*Supplied entries*
====

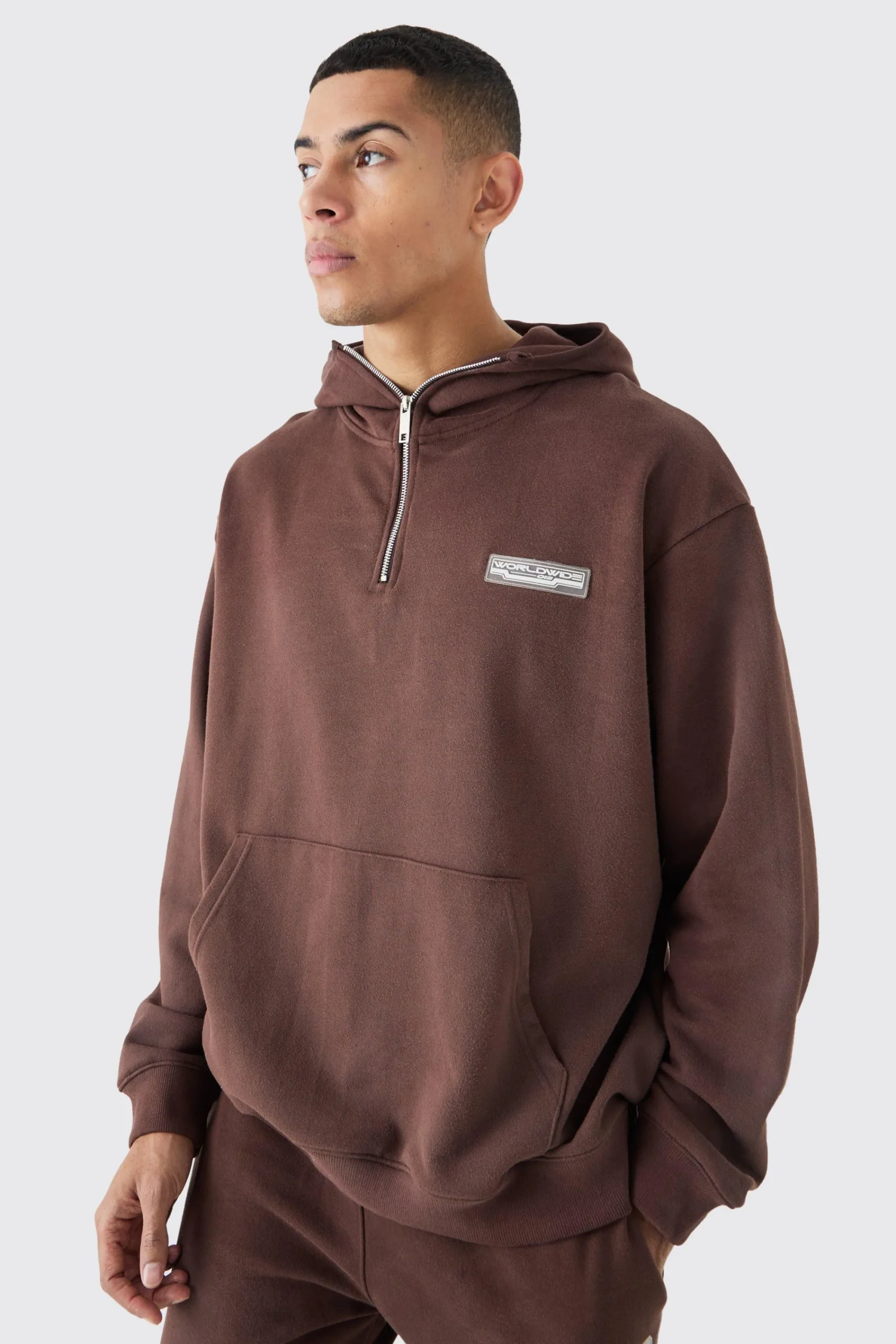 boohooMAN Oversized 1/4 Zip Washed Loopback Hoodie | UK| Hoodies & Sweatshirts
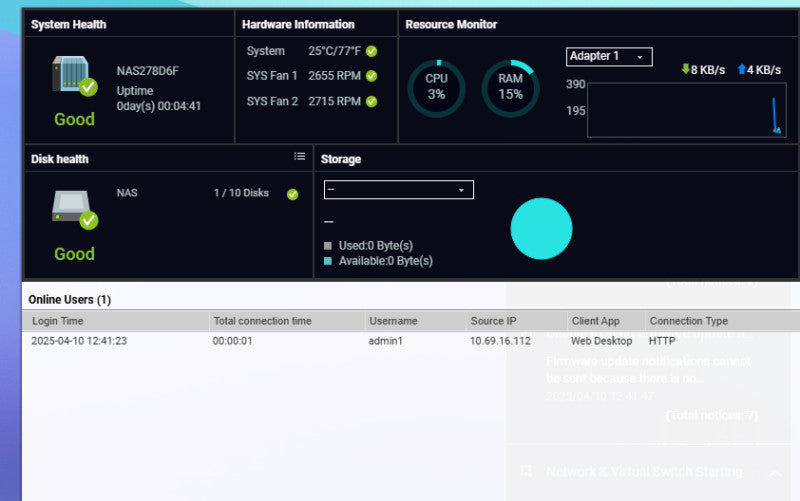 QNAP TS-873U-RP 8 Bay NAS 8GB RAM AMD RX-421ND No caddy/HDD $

====

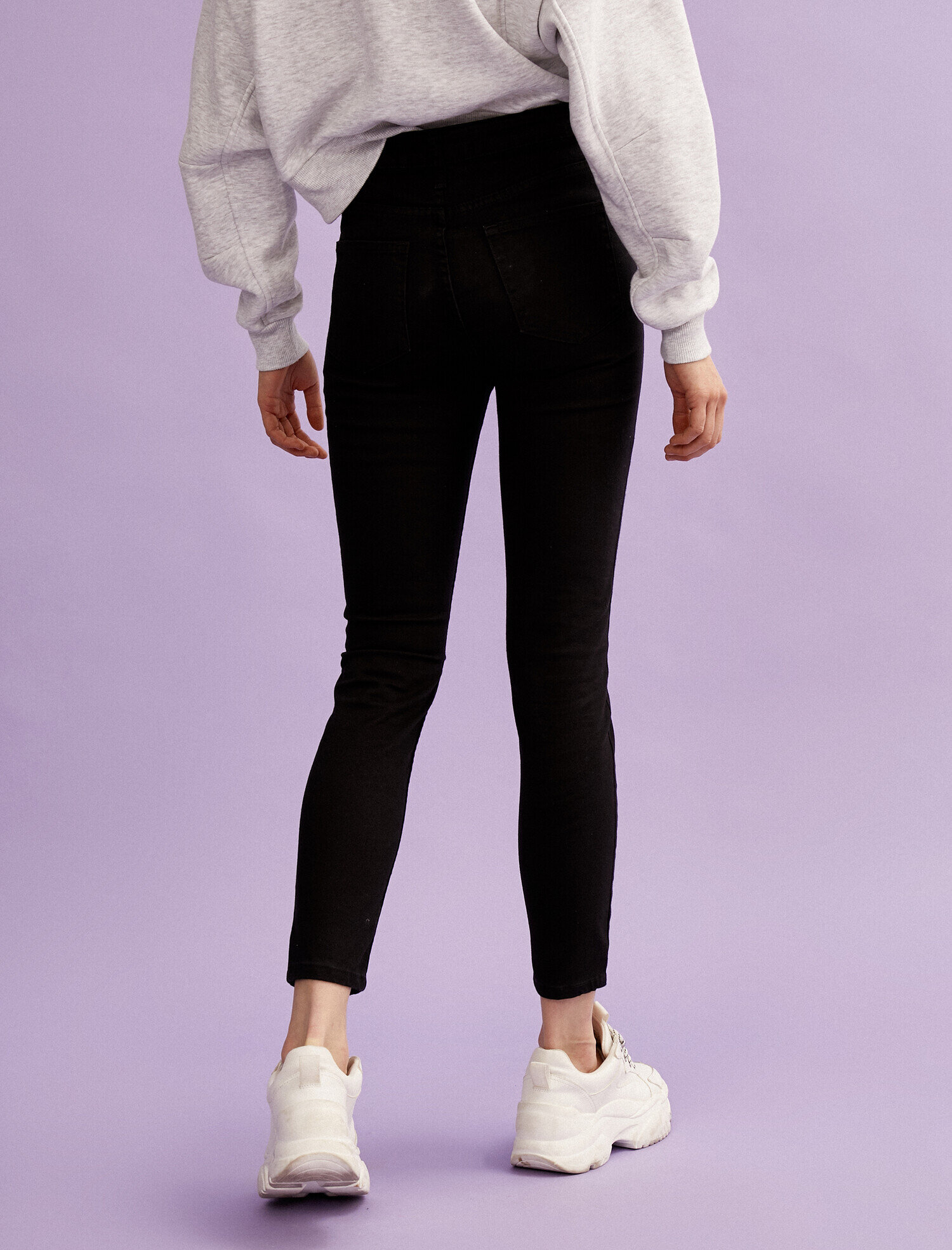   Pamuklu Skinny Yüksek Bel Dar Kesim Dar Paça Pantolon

====

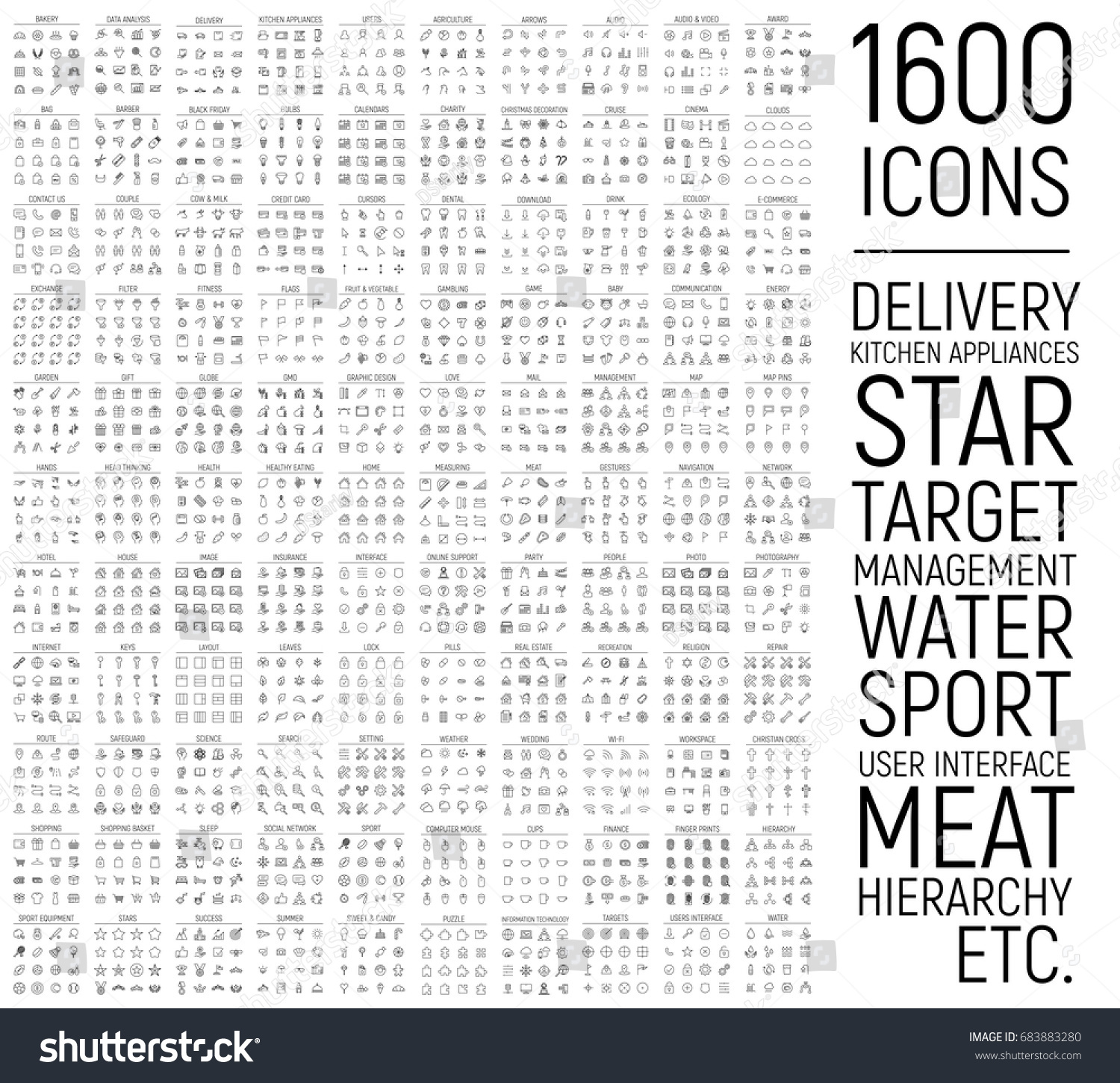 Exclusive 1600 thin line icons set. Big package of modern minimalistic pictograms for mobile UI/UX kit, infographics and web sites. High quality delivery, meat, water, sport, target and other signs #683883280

====

*What you will do*
The line holding "boohooMAN Oversized 1/4" starts the copy and the line holding "QNAP TS-873U-RP 8" ends it. Repeat those two lines above and all between them exactly, leaving out pictures.

*Problem solution*
 boohooMAN Oversized 1/4 Zip Washed Loopback Hoodie | UK| Hoodies & Sweatshirts
 QNAP TS-873U-RP 8 Bay NAS 8GB RAM AMD RX-421ND No caddy/HDD $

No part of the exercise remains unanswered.